The biosynthesis of MPs and citrinin was significantly inhibited after the disruption of the chitin biosynthesis pathway by the deletion of the chs6 gene in Monascus during submerged fermentation (Figure 8). The genes MPsGeA, MPsGeB, MPsGeL, MPsGeI, MPsGeH, MPsGeG, MPsGeF, MPsGeE, MPsGeD, MPsGeC, MPsGeP, MPDQ_006010, MPsGeO, MPsGeN, MPsGeM, MPsGeK, and MPsGeJ in the MP biosynthetic gene cluster were significantly downregulated by more than 4.13, 2.85, 2.05, 2.53, 4.39, 3.91, 5.41, 6.33, 3.10, 4.61, 4.19, 8.34, 6.78, 6.77, 4.04, 6.18, and 7.76 times, respectively, at the fermentation prophase (day 4) (Figure 8A). Although they still maintained the downregulated mRNA levels at the logarithmic stage of fermentation (day 7), only MPsGeL (ankyrin repeat protein) and gene-MPDQ_006010 (decarboxylase) were significantly downregulated by 2.94 and 2.25 times, respectively. The expression levels of other genes were not significantly different. However, the expressions of the DEGs in the citrinin biosynthetic gene cluster were sharply decreased by 8–25 times (except cntF and cntR) at the fermentation prophase and more severely downregulated (more than 16–83 times) at the logarithmic stage of fermentation (Figure 8B). This may explain the difference in MP and citrinin production during submerged fermentation by the mutant strain and illustrates that chs6 could regulate the biosynthesis of secondary metabolites in Monascus, especially citrinin.

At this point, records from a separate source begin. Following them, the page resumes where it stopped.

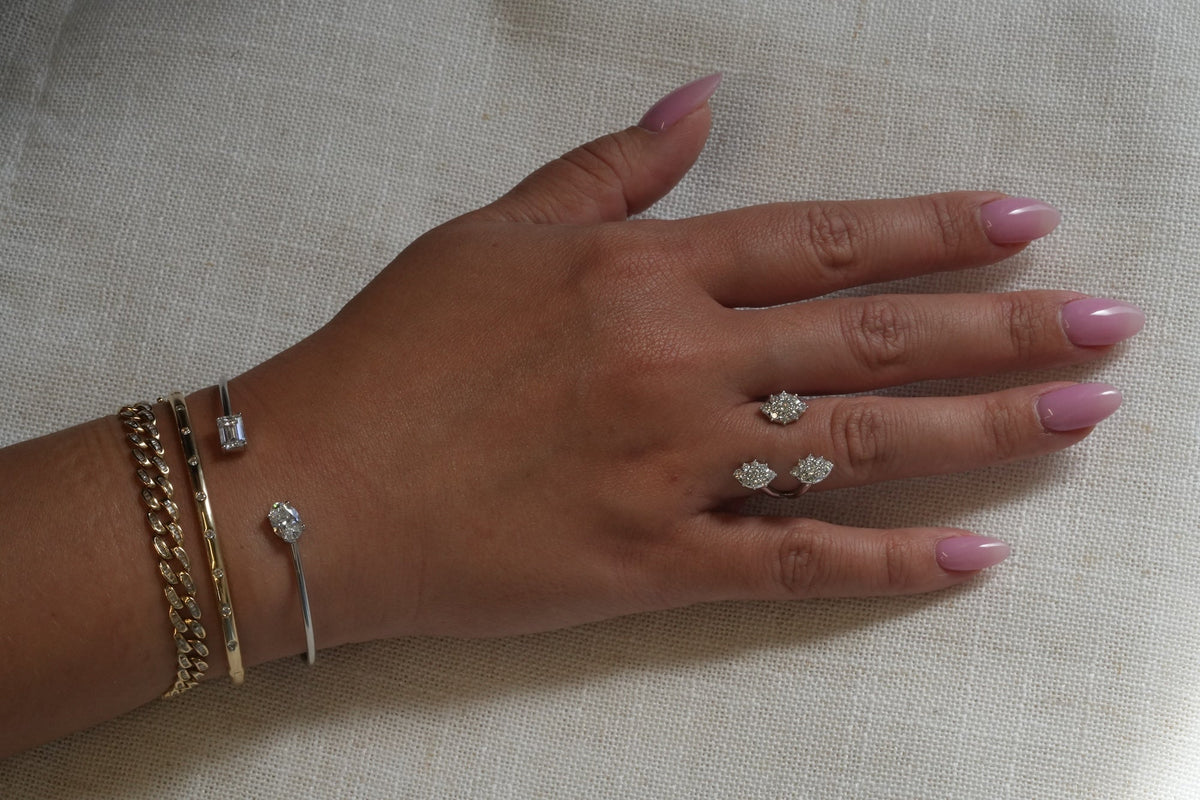 Gold Diamond Pave Marquise Open Ring
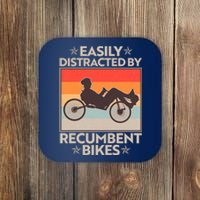 Vintage Easily Distracted By Recumbent Bikes Coaster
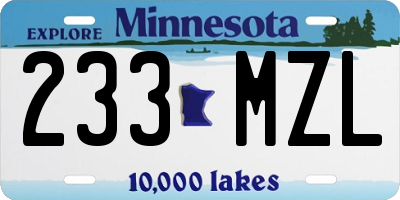 MN license plate 233MZL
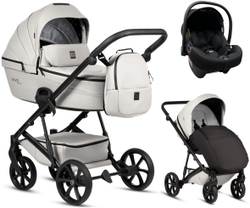 Детская коляска Tutis Viva 6 Plus Leather 3 в 1 с автокреслом Elo Lux EduSky Black 1612085 Cloud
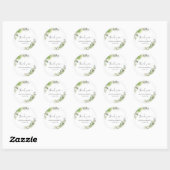 Autocollant Rond Classique de Mariage aux Hydrange (Feuille)
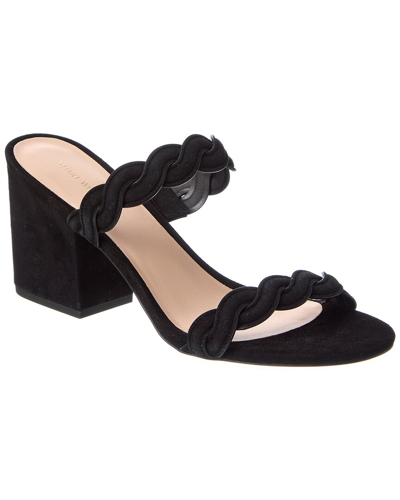 Stuart Weitzman Twistie Block 75 Suede Sandal In Black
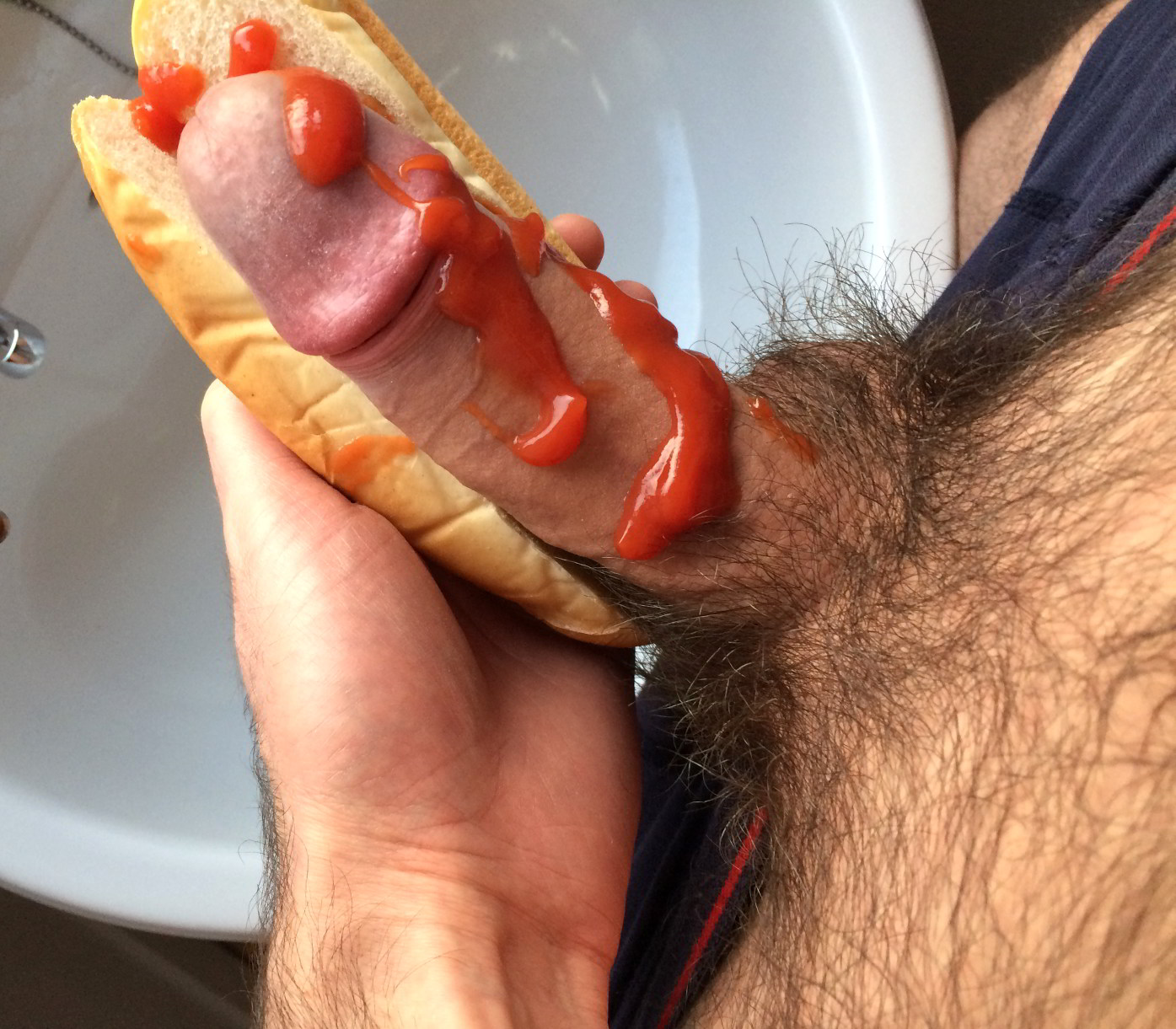 Cock in hotdog bun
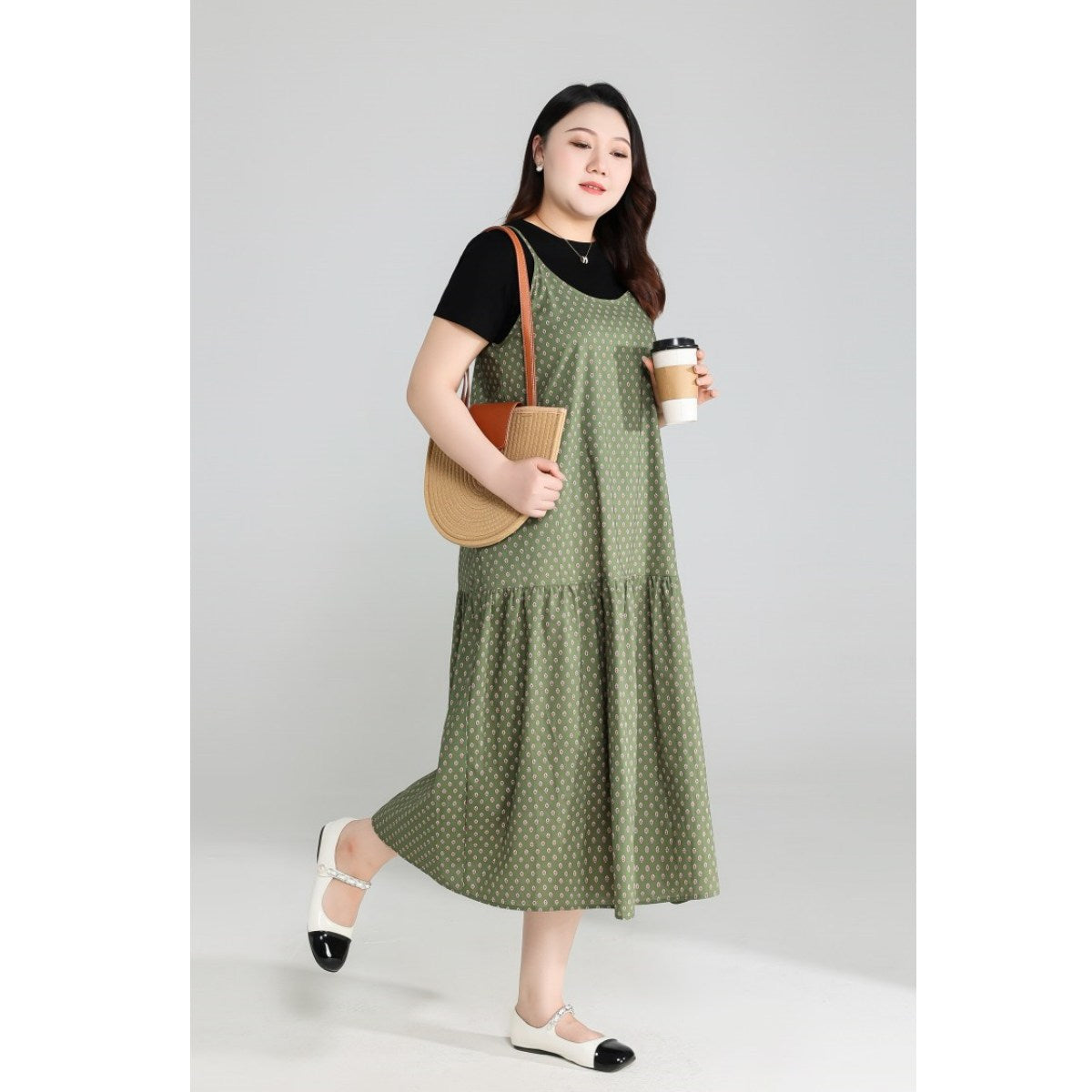 Plus Size Tee and Bohemian Pinafore Dress Set
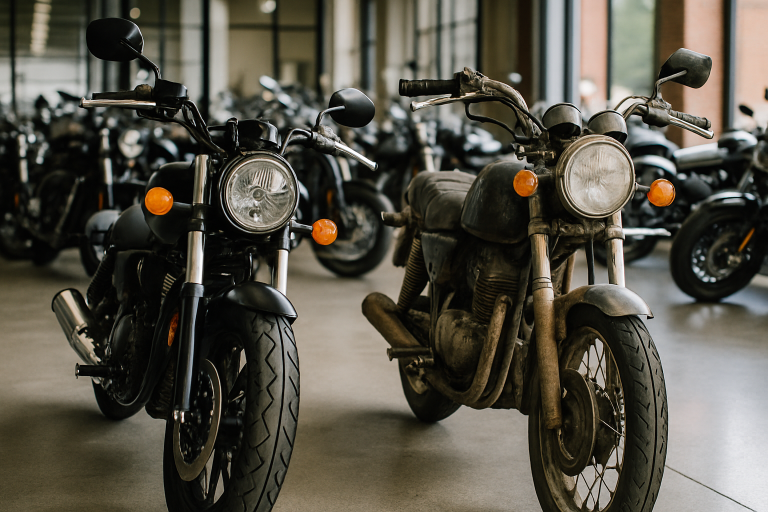 Comparação entre motos usadas e novas em uma concessionária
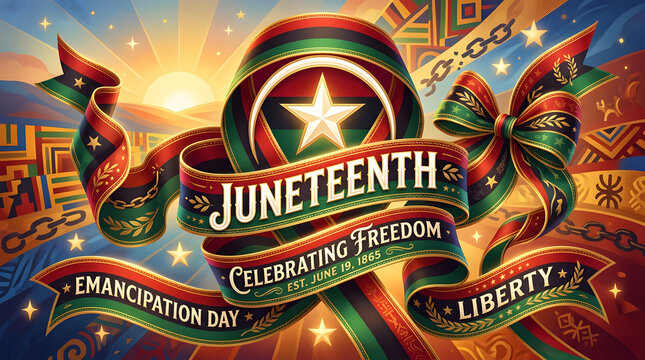 Elegant Juneteenth Banner with Pan-African Colors, Broken Chains and Symbols of Freedom, Professional Emancipation Day Graphic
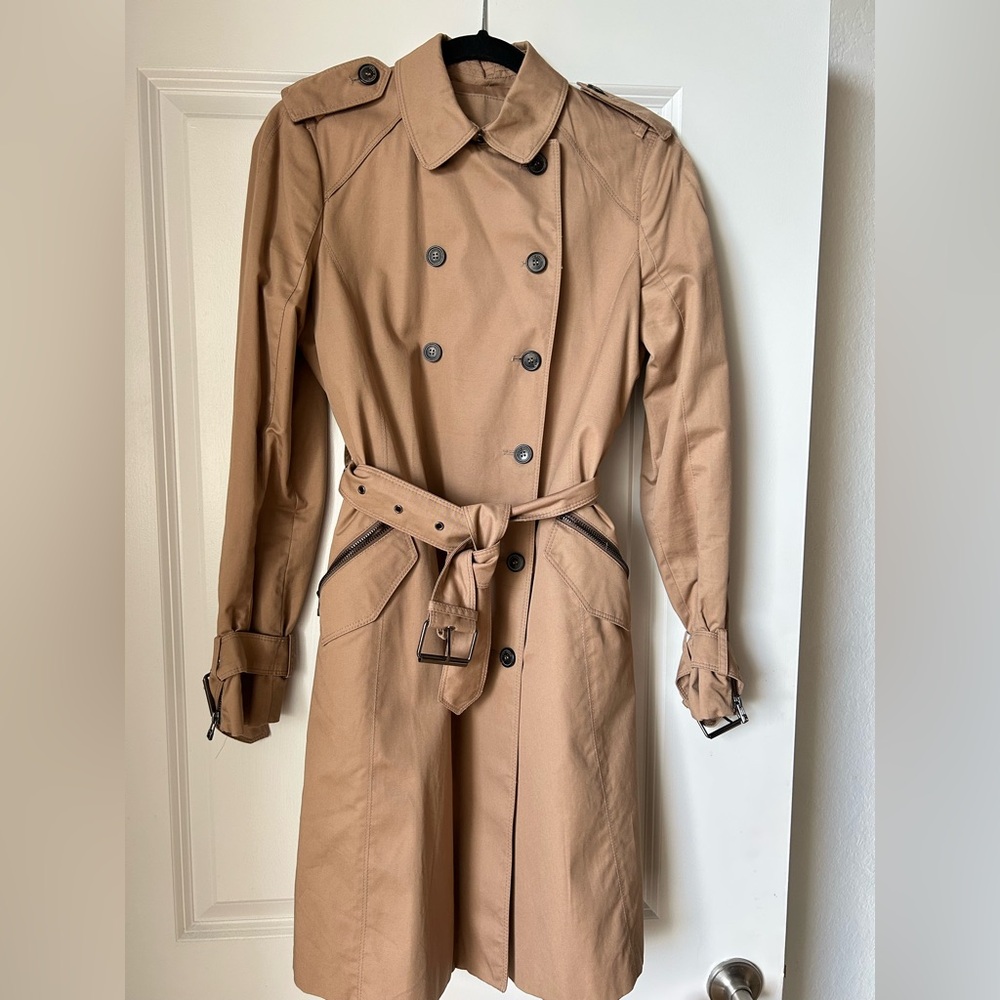 ZARA BASIC - Classic Camel Trench Knee Length Coat - MEDIUM - (US8-10)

From Figure 9, except for the downregulated expression levels of genes located in the genetic clusters (MPs and citrinin biosynthesis), the related pathways, such as fatty acid synthesis (FAS), fatty acid degradation (FAD), tricarboxylic acid cycle (TCA), and polyketone synthesis (PKS), also showed some different changes during the SBF process. Most obviously, the expression level of the gene encoding pyruvate decarboxylase (EC:4.1.1.1) and the FAD pathway were upregulated on day 7 (which were downregulated at day 4), driving the biosynthesis of acetyl-CoA and stimulating the FAS and PKS pathway to contribute to the total anaplerotic production of MPs and citrinin. Furthermore, the increased cell wall permeability from the disruption of chitin biosynthesis enhanced the MPs secretion, causing the overproduction of extracellular MPs and complementing the expression of genes located in the cluster. However, the low production of total MPs may be due to the significantly reduced concentration of precursors and biomass. Overall, at the fermentation prophase, the cell growth phenotypes of M. purpureus LQ-6, including spore germination, hypha differentiation, and mycelium morphology, were synergistically controlled by MAPK signaling pathway, regulatory factors LaeA and WetA, and GPI anchored cell-wall protein. At the logarithmic stage of fermentation, the secondary metabolism was regulated by the pathways of FAS, FAD, PKS, and the corresponding genetic clusters. In addition, the impaired cell growth would provoke amino acid synthesis, nucleotide sugar metabolism, carbon metabolism, and ribosome, and autophagy would be inhibited because of the upregulated proteasome after deletion of chs6 gene, which promises the normal cell growth of the mutant strain at the logarithmic stage of fermentation.

4. Conclusions

Secondary metabolites of Monascus have been studied for centuries in Asia. Researchers have found that the biosynthesis of metabolites is closely related to the morphology of filamentous fungi, and the disruption of the chitin synthesis pathway can significantly change mycelial morphology during fermentation. In the present study, a chs6-deleted mutant strain was generated using PEG-mediated protoplast transformation. Image analysis revealed that the chs6 gene regulates development, cell wall structures, and mycelial morphology and is required for the normal growth of Monascus. In addition, the MP biosynthesis pathway was strongly inhibited, and almost no citrinin was produced after the deletion of chs6. Furthermore, the molecular mechanism underlying the regulatory effect of chs6 on cell growth and secondary metabolism in M. purpureus was elucidated by comparative transcriptome analysis.